Introduction To EsoLoop Framework YouTube Playlist
Abstract
Entrepreneurship is a complex decision domain. It is essential that solutions designed for complex domains like entrepreneurship must consider dynamics of complexity like non-linearity, inter-relatedness, emergent property, etc. Regardless of this, most of the dominant entrepreneurship perspectives still assume that entrepreneurship is the same all over the world. The proposed solutions and methods are often developed without any consideration to many of the non-linear dynamics that are inherent to complex domains like entrepreneurship. They usually ignore the massive diversity and uniqueness of personal, historical, cultural, institutional, social, and spatial contexts. While entrepreneurship operates at the evolutionary edge of social emergence, most of the current thinkers and their models never truly acknowledged its massive uncertainty and complexity. Further, the need for appropriate methods is neglected in favor of reductionistic one size fits all prescriptive models, cliche advice, and incrementalism.

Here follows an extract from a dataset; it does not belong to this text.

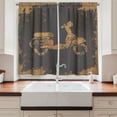 thumbnail image 2 of Ambesonne Grunge Kitchen Curtains, Murky Vintage Sports, 55"x39", Charcoal Grey Pale Brown, 2 of 3
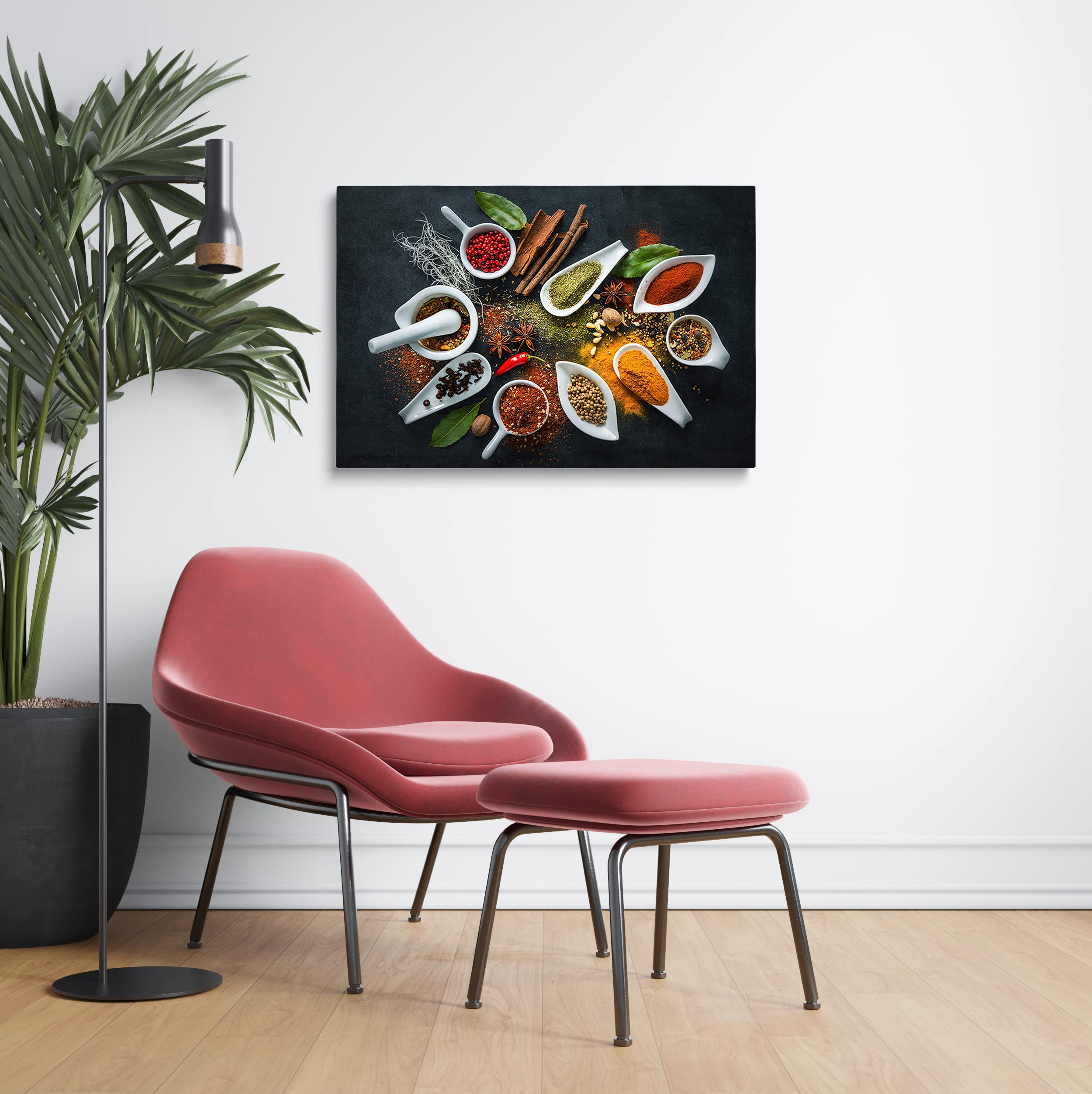 Premium Spice Kitchen Canvas Wall Art - Framed Food & Spoon Prints for Home Decor - 12x18 Inch Wall Decor Perfect for Living Room, Dining Room & Restaurant Decoration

In the following part, I am introducing a complexity science-informed design solution to aid entrepreneurial actions. This is based on the scientific understanding that open complex adaptive systems like entrepreneurship have a tendency to self-organize under various constraints (Kauffman, 1995). Deriving from that, the framework is built on the premise that self-organization and design are complementary pairs (Kelso et al, 2016; Gershenson,2007 & 2020; Prokopenko, 2009). In the first part of the presentation, I will discuss complexity, the nature of entrepreneurial complexity, and the implication of complexity on human decision-making and expertise. Then I will discuss why existing entrepreneurship prescriptive models are inadequate for dealing with complexity. After that I will introduce three important components of the framework; The first is about setting the right complexity-based world view (Dent, 1999), for which an Ecological world view is adopted (Ulanowicz, 2009; Gibson, 2014; Capra, 1996). The second is about the idea of effectual self-organization, a primary enabling constraint (Simple rules or heuristics) for entrepreneurs to deliberately act like self-organizing systems. The third is about constraints and the role of constraints in shaping self-organization. Here I use Constraints-based design, an idea inspired from the Constraints-Led approach in sports coaching (Davids et al, 2007) to design and introduce various constraints that can shape entrepreneurial exploration and self-organization. Alicia Juarrero’s(1999) conception of Context-free and Context-sensitive constraints is used as a fundamental frame over which various constraints are introduced.